Sin embargo, durante esta loable última etapa de estabilidad y profesionalidad de la gestión forestal, hay que reseñar que, a raíz de la reintroducción del ciervo en las sierras de la Demanda y Cameros, realizada en los años 1970 mediante la realización de sueltas de ejemplares procedentes de la Sierra de Cazorla y los Montes de Toledo, las densidades de grandes herbívoros (cérvidos + ganado) que se han alcanzado en muchas zonas de la sierra dificultan enormemente la regeneración y el desarrollo de los ejemplares jóvenes de tejo.

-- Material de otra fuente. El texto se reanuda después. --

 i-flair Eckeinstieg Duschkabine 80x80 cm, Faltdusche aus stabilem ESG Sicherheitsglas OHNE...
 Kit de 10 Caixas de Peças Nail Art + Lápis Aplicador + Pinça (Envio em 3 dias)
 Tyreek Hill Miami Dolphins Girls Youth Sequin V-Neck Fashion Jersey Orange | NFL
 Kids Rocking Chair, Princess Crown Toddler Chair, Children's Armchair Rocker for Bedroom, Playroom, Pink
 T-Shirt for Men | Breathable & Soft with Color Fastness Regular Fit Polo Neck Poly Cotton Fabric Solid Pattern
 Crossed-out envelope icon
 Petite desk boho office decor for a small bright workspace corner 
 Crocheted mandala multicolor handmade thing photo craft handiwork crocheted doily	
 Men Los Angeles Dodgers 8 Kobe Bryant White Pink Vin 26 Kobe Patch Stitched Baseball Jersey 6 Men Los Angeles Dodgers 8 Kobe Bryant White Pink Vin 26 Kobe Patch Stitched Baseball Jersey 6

Si bien, afortunadamente, en la zona del apartado canchal donde vive nuestro protagonista (primera foto) hay unos pocos ejemplares jóvenes que, aunque algo recomidos (quinta foto), parece que tienen el desarrollo suficiente como para garantizar la permanencia de esta antigua y valiosa especie, verdadera joya botánica de nuestros montes.
Es de reseñar el hecho ocurrido el 9 de febrero de 1995 en el anfiteatro de la Plaza Joaquín Elizalde de Logroño, cuando, con motivo de la conmemoración del Noveno Centenario del Fuero de Logroño, Sus Majestades Don Juan Carlos y Doña Sofía plantaron allí un tejo de unos 50 años de edad.

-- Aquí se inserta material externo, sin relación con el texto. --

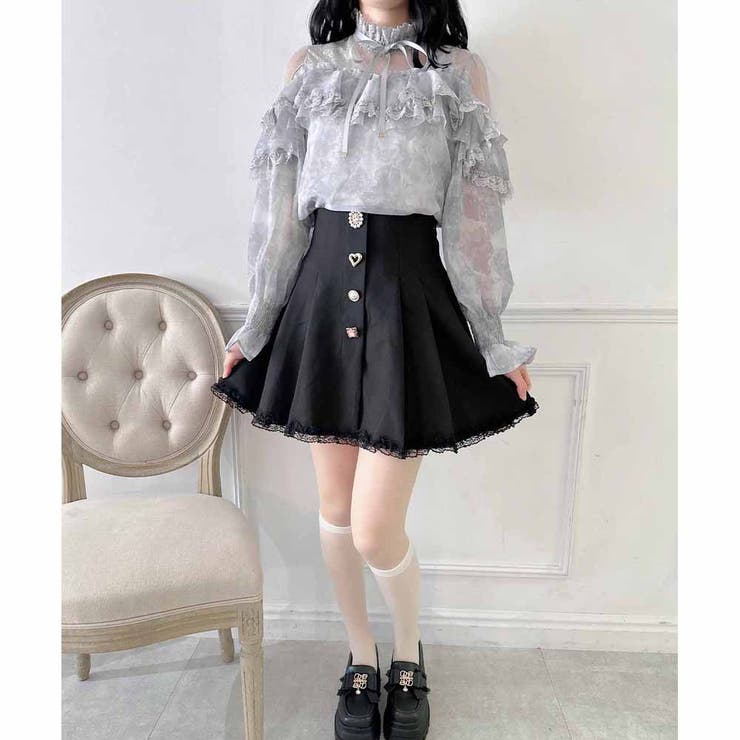 シアー切り替え花柄ラッフルブラウス[品番：RJTW0002061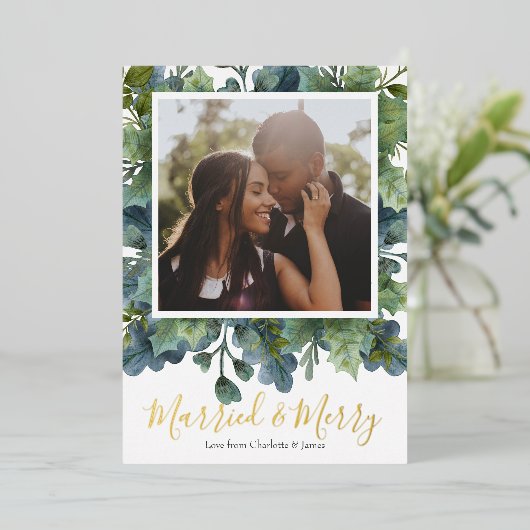 Foto met gehuwde en prettige kerstfeestdagen folie feestdagenkaart (Staand Voorkant)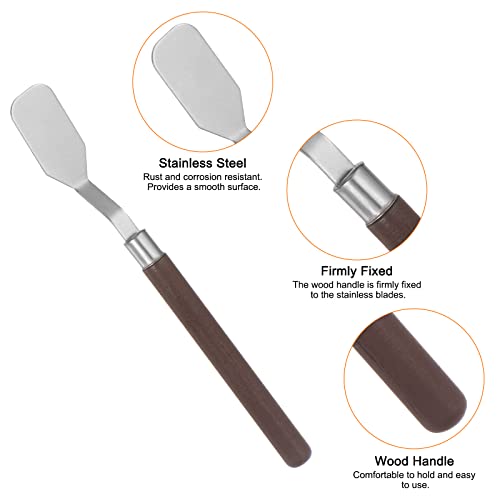 HARFINGTON 2pcs Palette Knives 18mm Width Stainless Steel Flat Spatula Painting Pallet Knife with Wood Handle for Oil Acrylic Canvas Mixing Spreading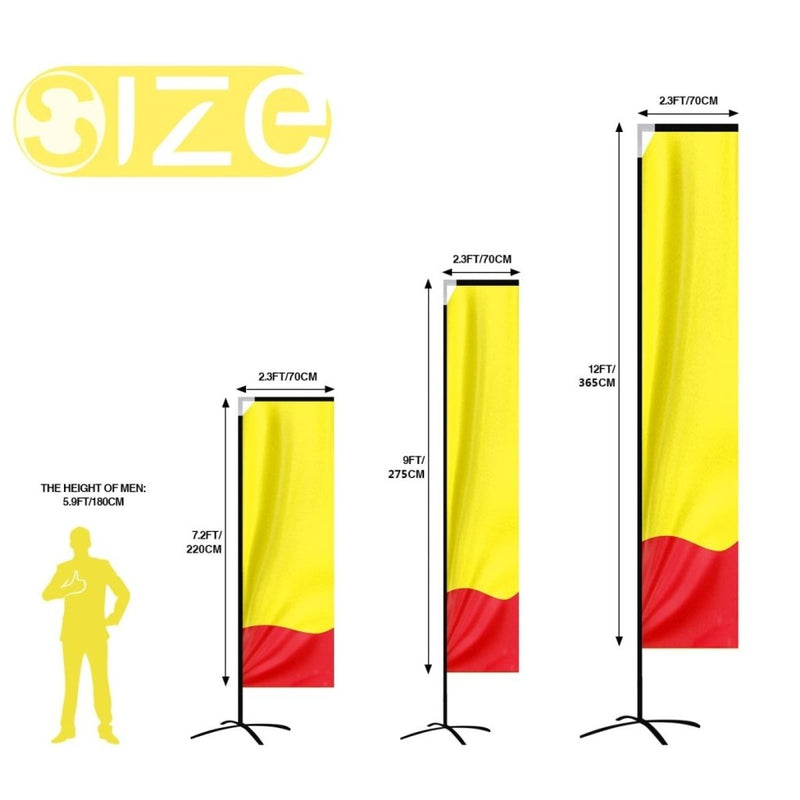 Custom Rectangle Swooper Flag - 2.3x7.2FT, Single/Double - Sided（Flagpole Not Included） - FSFlag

Porque hay que decir que, aunque esta especie es escasa en nuestros montes, resulta bastante frecuente en muchos jardines europeos, así como en los cementerios ingleses y bretones, debido a que, por su gran longevidad, simboliza la vida eterna, existiendo ejemplares cuya edad supera los 3.000 años.
Debo confesar que, cuando realicé las fotos de arriba, no me pude resistir al impulso de abrazar algunos de estos bellos, imponentes, mágicos y longevos árboles. Me sorprendió comprobar lo increíblemente cálido y suave que es el tacto de su corteza. Uno siente que su cuerpo es recorrido por una tremenda energía vital que transmite mucha paz y serenidad ¡Ojalá cumplan otros 1.167 años! ¡Larga vida!